Mubarak illness raises democracy debate

A very public fit of presidential coughing and sneezing has energised debate among the Egyptian elite over democratisation and how power is wielded in the most populous Arab country, reform advocates said today.

Mubarak illness raises democracy debate

A very public fit of presidential coughing and sneezing has energised debate among the Egyptian elite over democratisation and how power is wielded in the most populous Arab country, reform advocates said today.

State television cameras caught President Hosni Mubarak, 75, suffering what were said to be the effects of a bad flu before he interrupted a nationally broadcast speech last week opening a new session of parliament. Mubarak resumed his speech after about 30 minutes – but not before some Egyptians began to contemplate political life without him.
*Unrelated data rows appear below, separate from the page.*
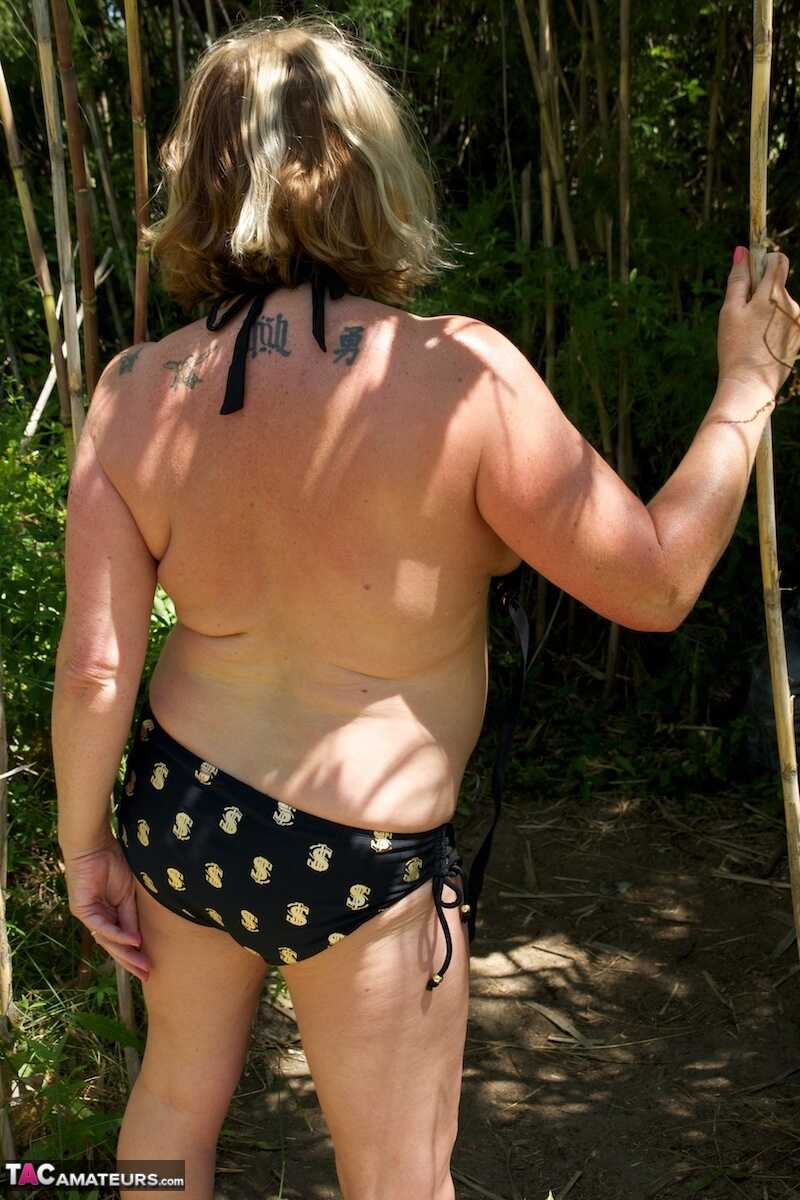 The Speedy Mature Brit in the Undergrowth, Taking off Her Big Bikini and Showing her Saggy Tits while Licking a Honey Dipp...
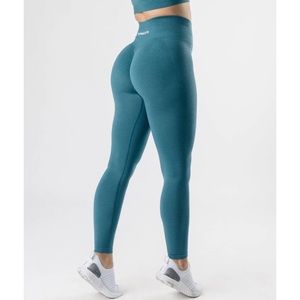 Alphalete amplify legging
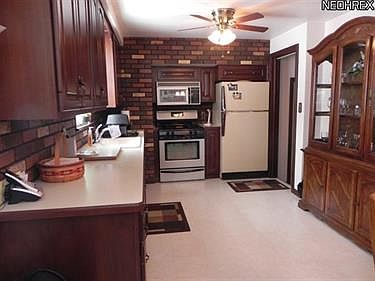 3rd image of 3895 Cumberland Dr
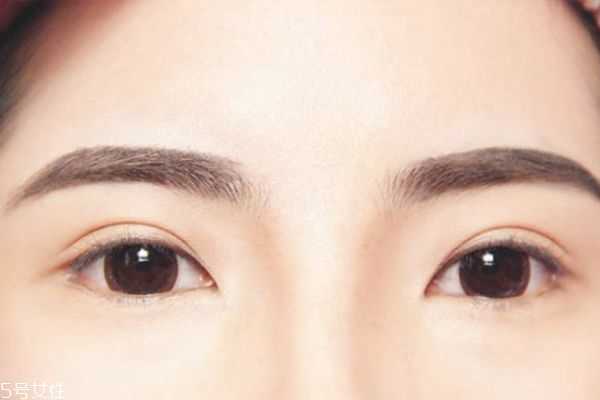 额头窄适合什么眉形? 额头窄适合什么眉形?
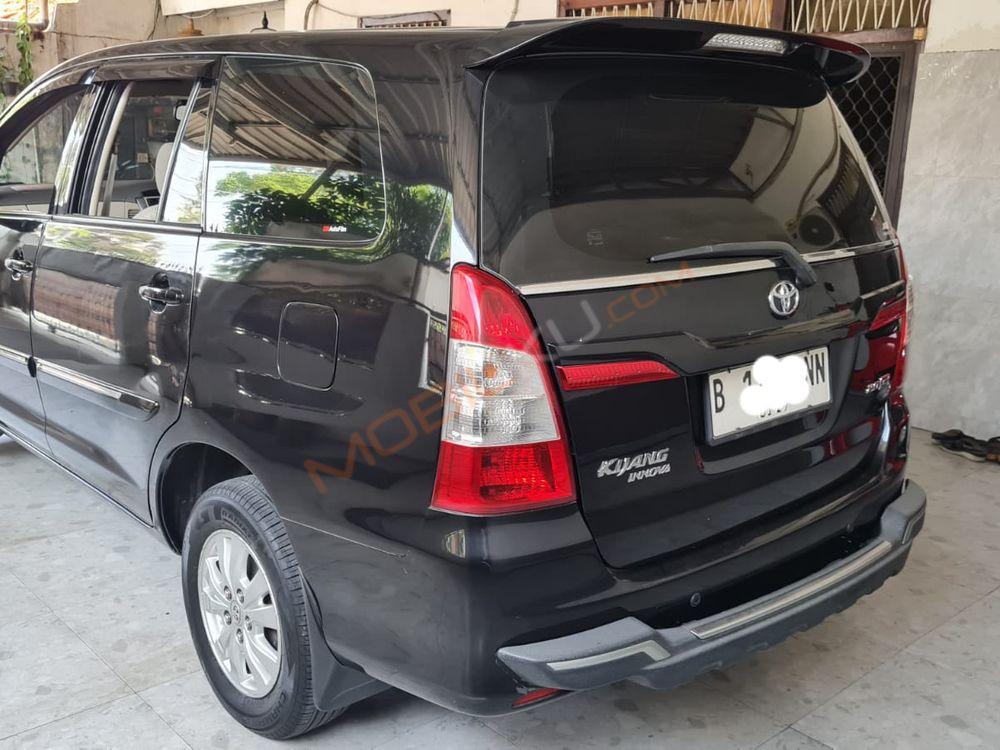 Mobil Toyota Kijang Innova 2014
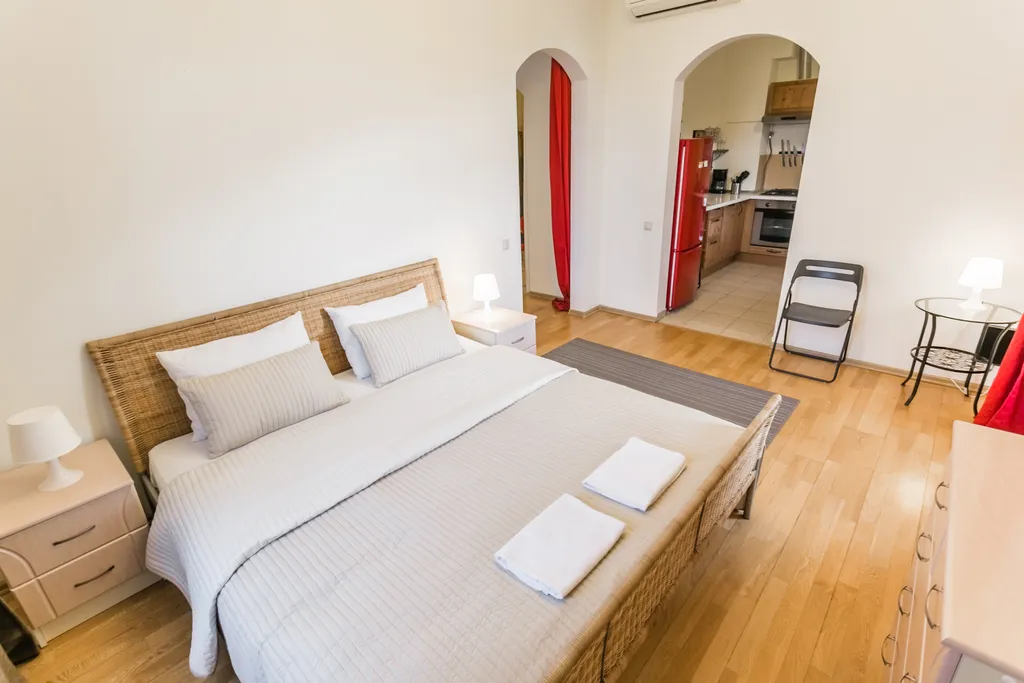 Квартира Просторная квартира с балконом у Арбата — Москва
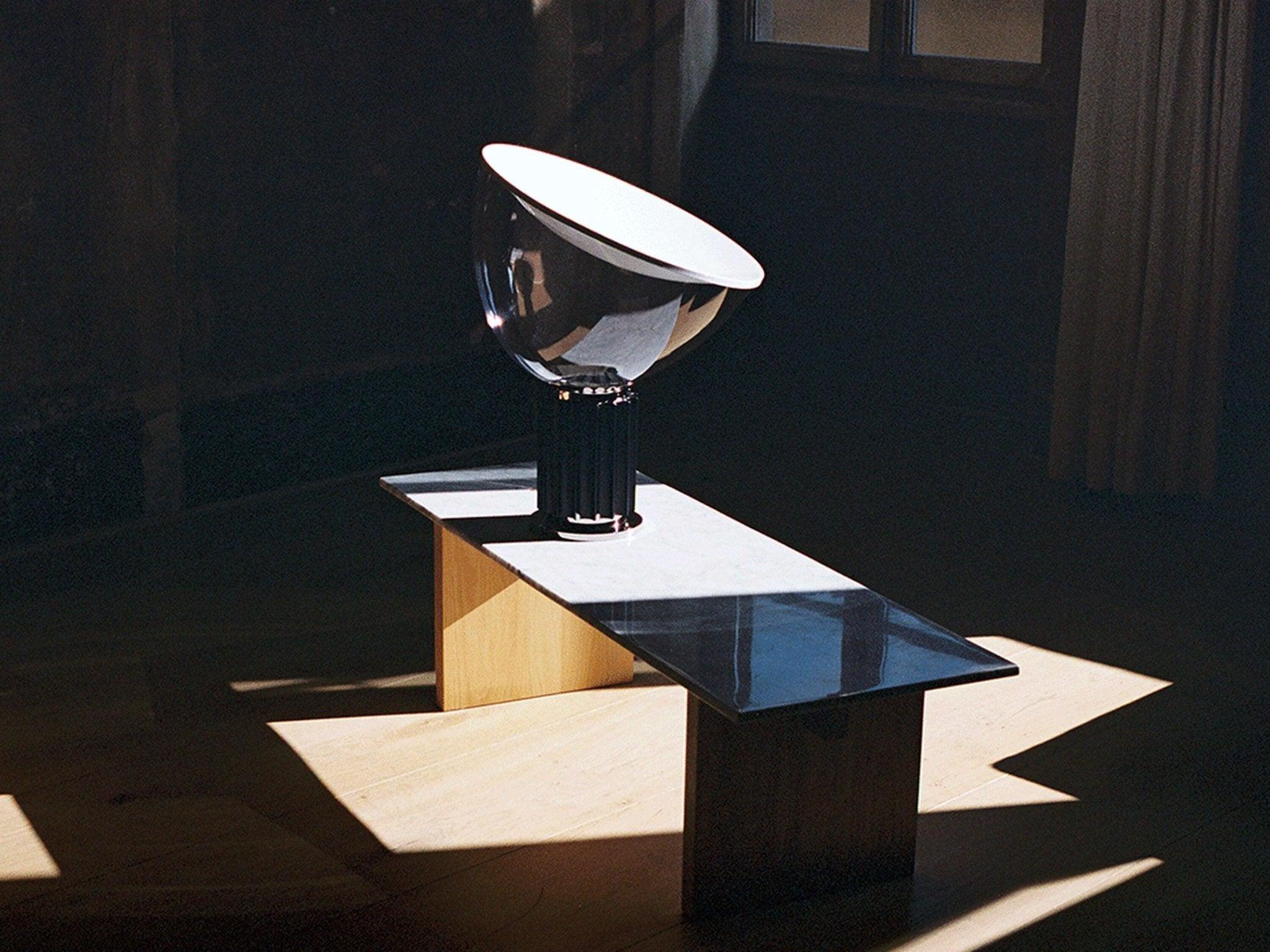 Lampa stołowa TACCIA czarny Flos    Eye on Design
Abdel Moneim Said, head of Cairo’s Al-Ahram centre for political and strategic studies, a non-official think tank, said it was crucial Mubarak remained in charge to shepherd through reforms he had championed and that have been the subject of intense discussion among intellectuals and politicians in recent months.

He said “the event” of Mubarak faltering before parliament “will accelerate this discussion.” Only Mubarak, the think tank chief said, has the clout to transform talk of such reforms – including ushering in direct and competitive presidential elections – into reality.

Parliament, controlled by Mubarak’s National Democratic Party, now nominates one presidential candidate who then is presented to the public for a “yes” or “no” vote, a system that has allowed Mubarak a firm hold on power since he succeeded the assassinated Anwar Sadat in 1981.

Other reforms under discussion include allowing more open debate and freedom for opposition parties. Mubarak has yet to act on a pledge in September to cancel most emergency measures that since Sadat’s assassination at the hands of Muslim extremists have curtailed freedom of speech and other basic rights.

“I think these questions should be on the agenda now and I think many people are discussing them” in the wake of seeing Mubarak ill in public, said Gehad Auda, a pro-democracy activist and political scientist at Cairo’s Helwan University.

Mubarak’s health, along with other aspects of his personal life, is rarely raised in public and his official appearances are carefully staged.

In the days following the interrupted speech, Mubarak cancelled appearances at two ceremonies marking the Muslim holy month of Ramadan and a meeting with Cabinet ministers. Yesterday, he flew to the Red Sea resort of Sharm el-Sheik, where he was expected to spend several days resting.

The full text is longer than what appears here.